Newcastle hopes of getting back on track sunk by Watford’s Odion Ighalo
Newcastle 1 - 2 WatfordHome team scorers
Daryl Janmaat 62
Away team scorers
Odion Jude Ighalo 10
Odion Jude Ighalo 28
Steve McClaren likened last Monday’s defeat at West Ham United to a car crash but remained cautiously optimistic that, back behind the wheel again, his Newcastle United players would safely negotiate the hazards strewn across the road by Watford.
The former England coach had clearly not bargained for his team once again forgetting to keep checking their wing and rear-view mirrors. It left the excellent Odion Ighalo and Troy Deeney free to enjoy themselves as Quique Sánchez Flores’s side continued their promising start to Premier League life.
Newcastle, meanwhile, ended the afternoon stuck in a metaphorical ditch.

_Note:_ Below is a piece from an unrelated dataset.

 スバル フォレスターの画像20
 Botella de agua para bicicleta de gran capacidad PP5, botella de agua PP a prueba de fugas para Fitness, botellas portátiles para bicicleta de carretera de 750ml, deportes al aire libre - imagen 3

Forced embarrassingly, off the road by their newly promoted visitors they are still to win a League game this term, have scored only three goals and are only being kept off the bottom of the table by virtue of having a marginally better goal difference than Sunderland.
Exhilarating to watch throughout, Ighalo had dragged two extremely inviting chances wide before enjoying a little more luck with his third attempt. When Massadio Haïdara, Newcastle’s left-back, forfeited posession to Almen Abdi, Watford manoeuvred the ball intelligently into area where, this time, Ighalo made no mistake with a shot squeezed just inside an upright. It was the Nigerian striker’s third goal of the season and 19th in 24 League games during 2015.
If Ighalo is on a hot streak, Papisse Cissé continues to endure a distinctly chilly one. McClaren’s Senegal striker missed three excellent first-half openings, the last of which was gloriously created by Moussa Sissoko’s fine through ball.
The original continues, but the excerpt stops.